Exhibition: Napoleon on the Nile: Soldiers, Artists, and the Rediscovery of Egypt
As a military and colonial endeavor, the Egyptian campaign (1798–1801) was a failure, yet it paradoxically ranks among Napoleon’s most significant achievements.
In addition to his soldiers, Napoleon also brought to Egypt 150 scholars, or savants, whose project it was to systematically explore, describe, and document every aspect of the country - Egypt was soon to become the most thoroughly mapped region on earth. This select group of engineers, scientists, mathematicians, naturalists, and artists served France’s political mission by providing the comprehensive information and skills an occupying force would need to govern and rebuild effectively. At the same time they enhanced the expedition’s ideological goals by rediscovering the wonders of Pharaonic Egyptian civilization, with which Napoleon, in his dual roles of liberator and conqueror, was happy to be associated.
The ultimate product of the Commission’s exhaustive research was the Description de l’Égypte, a massive, encyclopedic compendium published between 1809 and 1828. An unprecedented scholarly achievement, its first edition was composed of ten volumes of text and thirteen volumes of engraved plates. It is considered the foundational work of modern Egyptology.

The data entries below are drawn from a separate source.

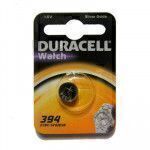 Duracell D394 Single-use battery 酸化銀 (S)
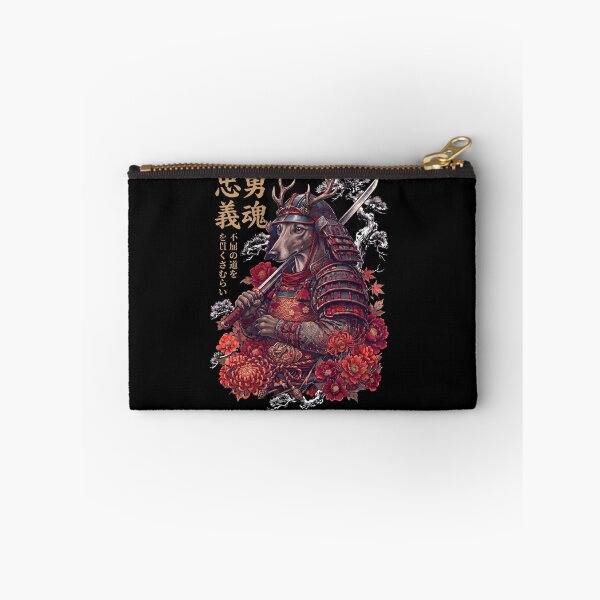 Item preview, Japanese Whippet Art Samurai Aesthetic Dog Owner designed and sold by DoodleTortle.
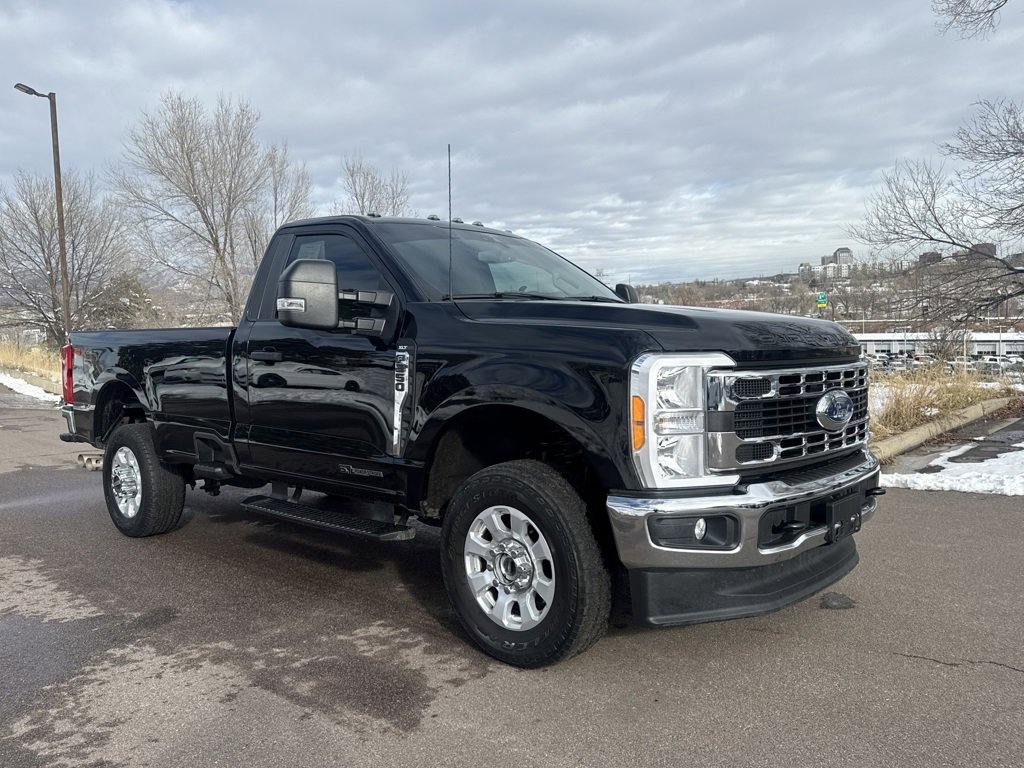 Used 2023 Ford F350 XLT w/ FX4 Off-Road Package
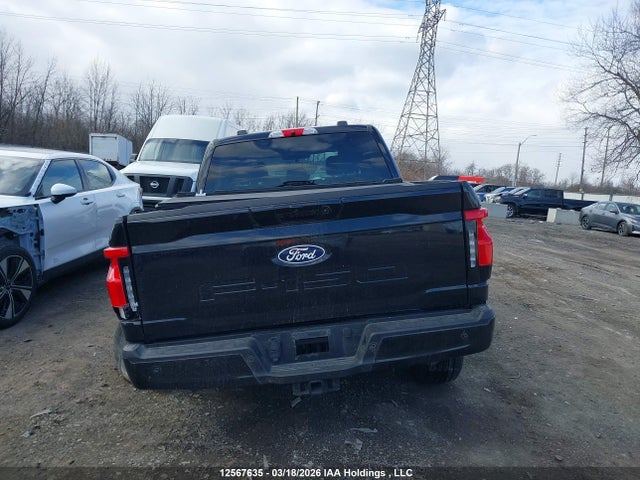 1FT6W3L72SWG04393 Ford F-150 LIGHTNING
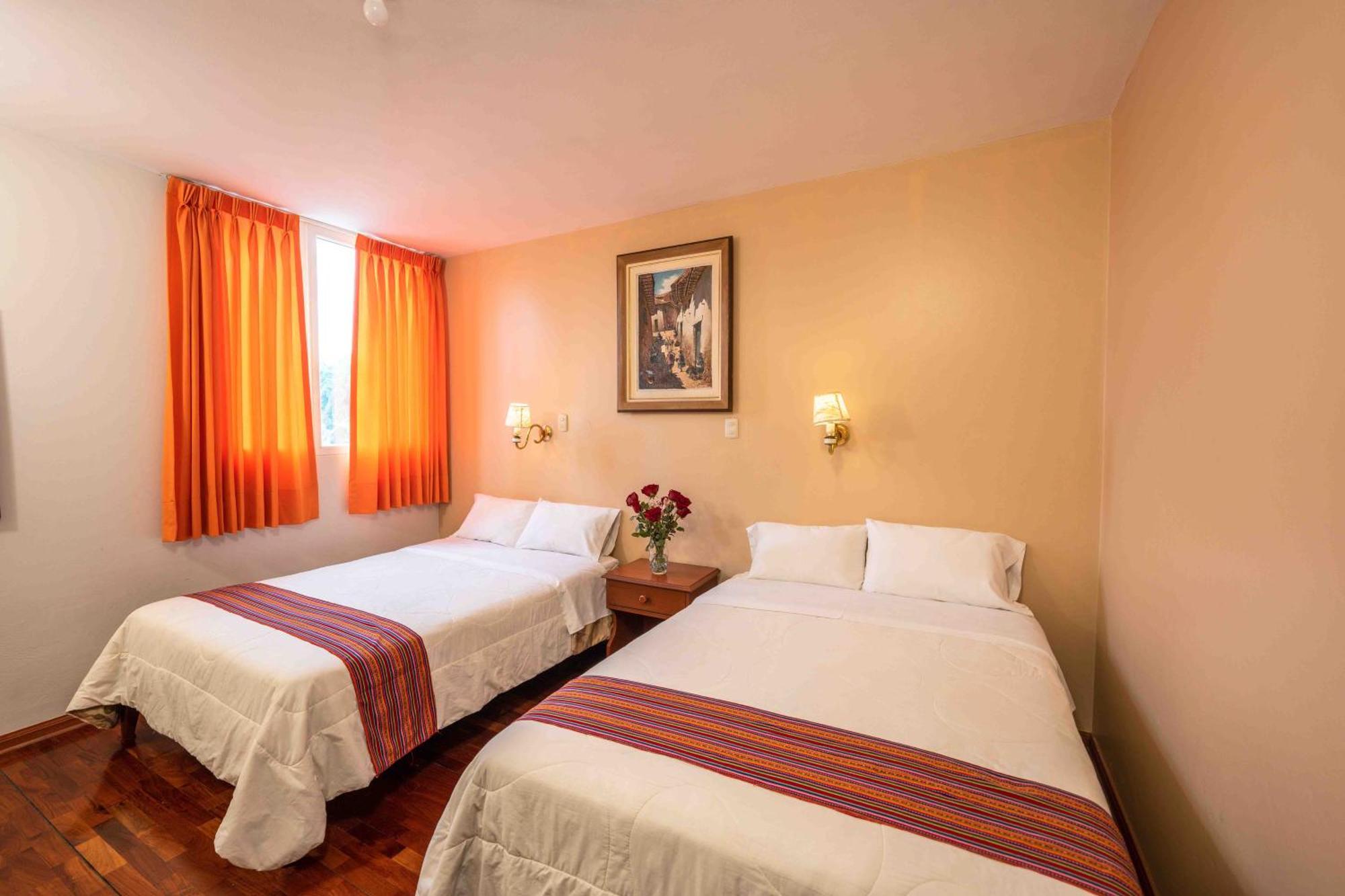 Hotel Manhattan Inn Airport Lima Ngoại thất bức ảnh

Bringing together more than eighty plates from the Description de l’Égypte, vivid nineteenth-century Orientalist paintings that were influenced by those illustrations, and a selection of campaign letters and documents, this exhibition explores the legacy of the brief French occupation of Egypt and reveals how the interaction between military power, scientific knowledge, and artistic skills shaped the West’s enduring image of the country.

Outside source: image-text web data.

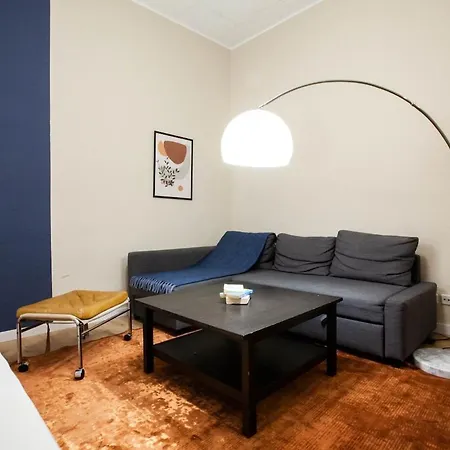 Studio Central Apartment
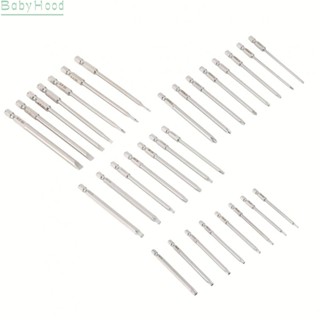 【Big Discounts】Screwdriver Bit Set T30 T40. Torx Screwdriver Chrome Plating Hand Tools#BBHOOD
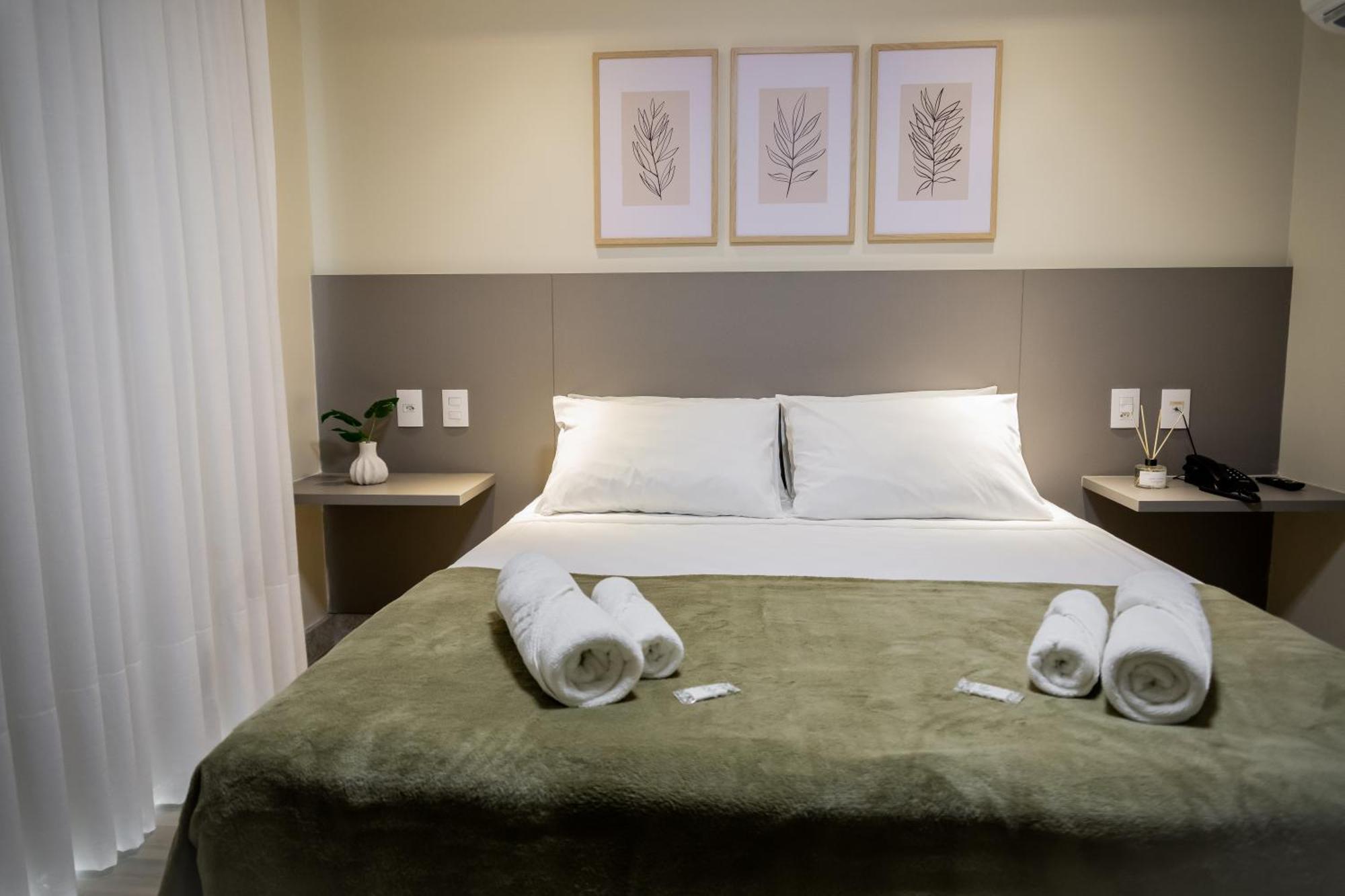 Augusta Hotel Joao Neiva Luaran gambar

Napoleon on the Nile: Soldiers, Artists, and the Rediscovery of Egypt is at the Frey Art Museum in Seattle until January 4, 2009.
Lisa Small / Independent Curator
Art Review:
“Napoleon on the Nile” is a mixed bag of intriguing material for anyone interested in Orientalism and the art of discovery and conquest. The exquisite engravings that document the expedition accompanying Napoleon’s ill-fated army through Egypt are the high point of the show. They remind us that in the days before photography, the easiest way for the public to be exposed to the landscapes, flora and fauna of exotic places was for artists to painstakingly reproduce them.

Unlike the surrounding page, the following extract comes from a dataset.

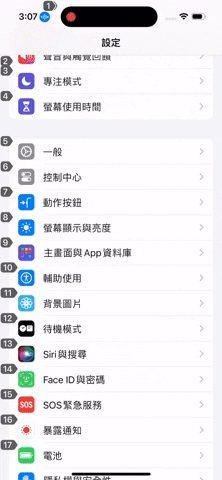 iPhone 画面一直出现数字，调整「语音控制」设置即可快速解决 第2张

This work is spectacular, in a quiet way. I was happiest contemplating engravings of Egyptian landmarks, hieroglyphs, a detail of the Rosetta stone and natural history studies of mummies, spiders, fishes, reptiles, petrified wood and other oddities of the place. Here you get the full sense of how awesome these things were when first seen by European eyes — like scenes from Mars. Even now, as familiar as much of the imagery is, the vast scale, mystery and antiquity of Egyptian culture still thrills.